This week, the US Congress is expected to hand President Bush a bill authorising federal funding for embryonic stem cell (ES cell) research on the half-million frozen IVF embryos stored in labs and clinics around the country. The president is expected to veto the bill, having expressed the view that a newly fertilised egg, which is what an IVF embryo is, enjoys the same moral status as a full-fledged human being. That won't be that, however. Given that the majority of Americans favour human ES cell research, the issue is sure to re-emerge until - in the next administration, perhaps - a funding bill passes.
But why are there a half-million frozen embryos in the United States? How has America managed to accumulate such a glut?

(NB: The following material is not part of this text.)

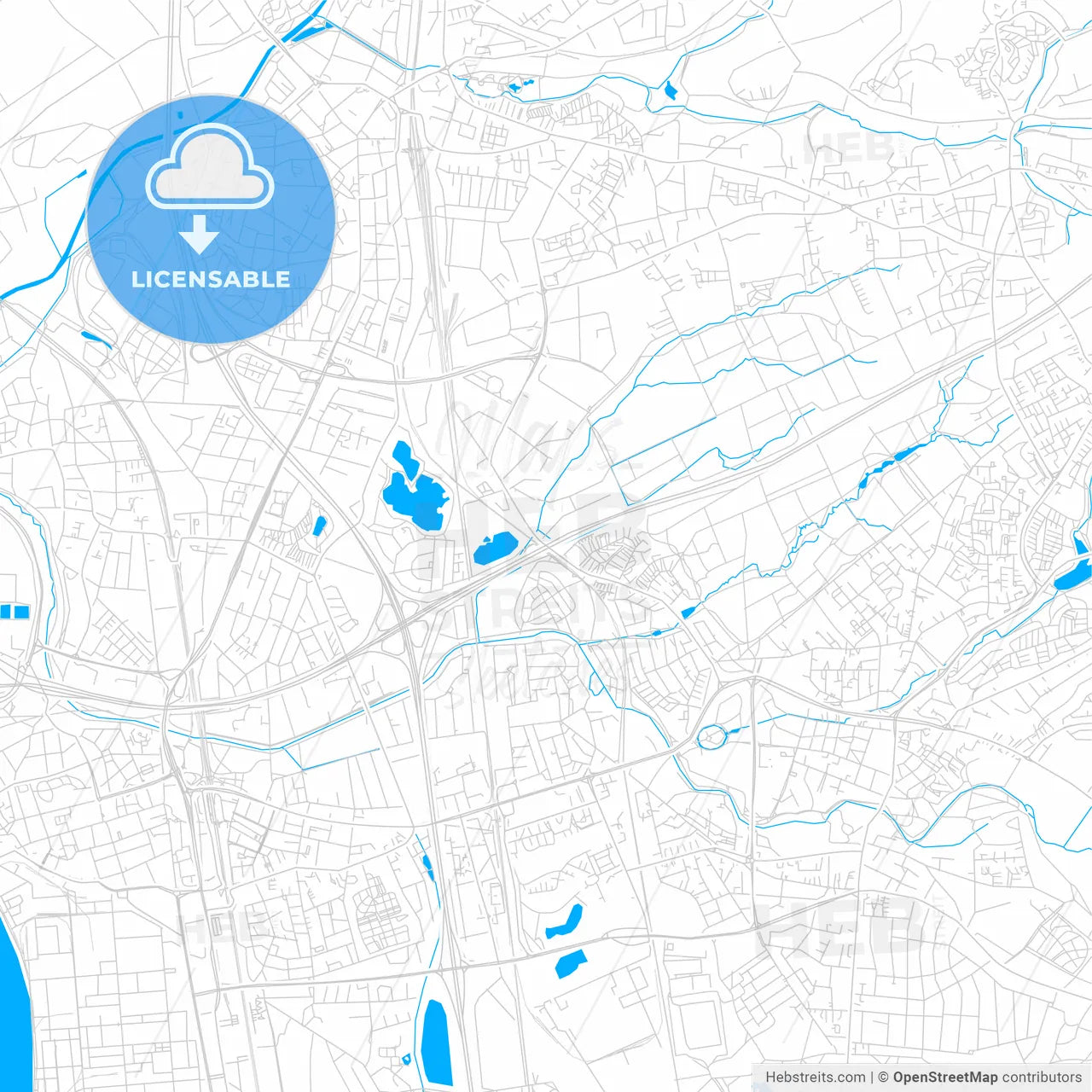 Leverkusen, Germany bright two-toned vector map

There are a variety of reasons for our embryo backlog. Chief among them is the fact that IVF patients - not clinics, not the government - are charged with deciding the fate of leftover embryos, and many find this unexpectedly hard. 'I think about it a million times over', I was told by one mother who had twin IVF daughters and six leftover embryos; she and her husband were paying some $1000 annually to keep their embryos frozen - a considerable incentive for letting them thaw, given that she could not bear more children. And yet: 'I can't seem to sign the papers', she said. 'I can't say: let's just throw them away. We worked so hard to get them, and I feel like they're part of us'. She wanted to do the right thing, but didn't know what that was. And she had gotten no help from her doctors. As a rule, clinics prefer to advance the idea of embryos as multi-celled clumps of tissue - forestalling pro-life interference or greater government involvement - but for patients, the reality is more complex.

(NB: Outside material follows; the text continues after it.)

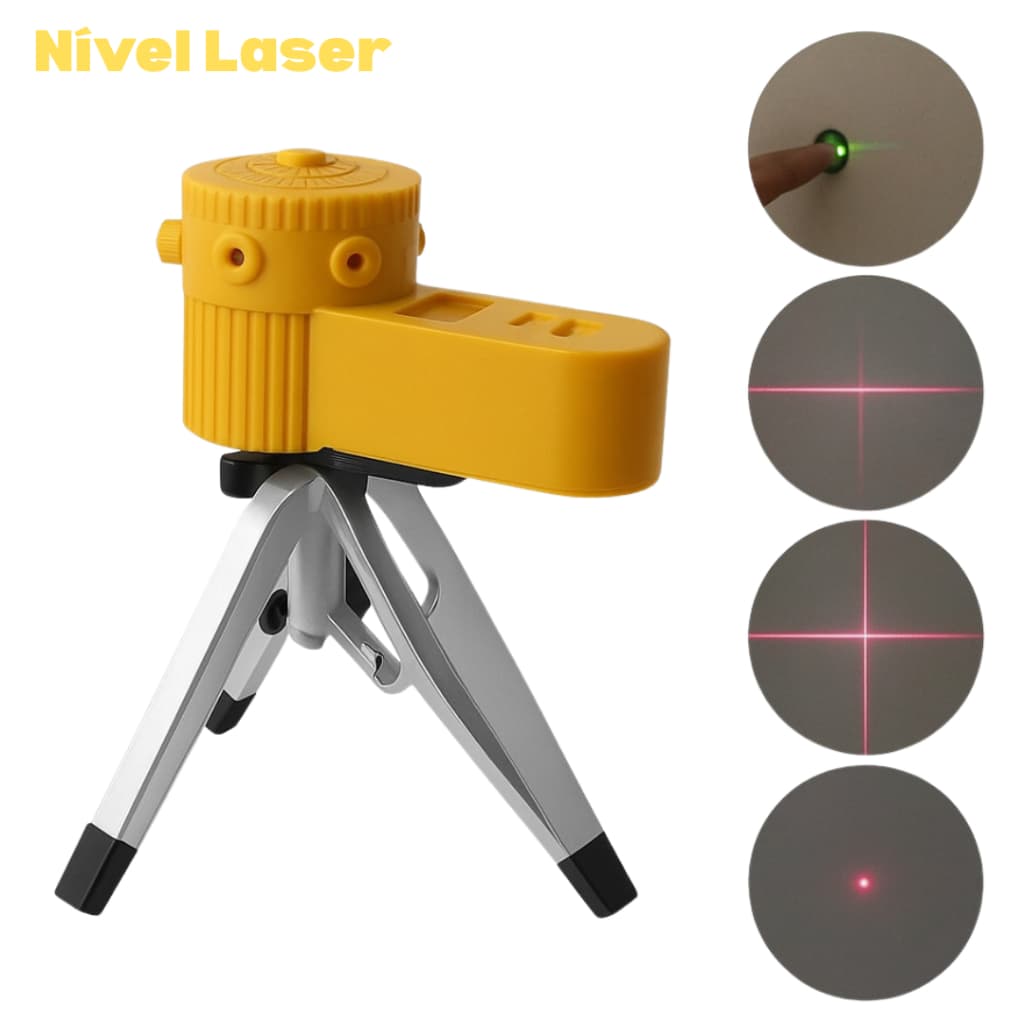 Nível Laser Tripé Ajustável Luatek 5 Linhas Vermelho Alcance 10m para Assentamento de Azulejo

In the US patients have five choices regarding excess embryos. They can use them; thaw them and permit them to lapse; donate them to another patient (conservatives like to call this 'embryo adoption', but technically it is a property transfer) or to research (not easy, given the federal funding moratorium and a dearth of labs that can receive them) or keep them frozen. Fascinatingly, social scientists have found that patients often start out with some notion of what they will do, but change their minds. Even in socially liberal San Francisco, Robert Nachtigall and colleagues found that patients have a hard time even knowing how to think about their embryos, variously conceptualizing them as 'biological tissue, living entities, 'virtual' children having interests that must be considered and protected, siblings of their living children, genetic or psychological 'insurance policies,' and symbolic reminders of their past infertility'. The average patient in that study had seven frozen embryos; the average embryo had been in storage for four years; 72 per cent of patients still did not know what to do with them.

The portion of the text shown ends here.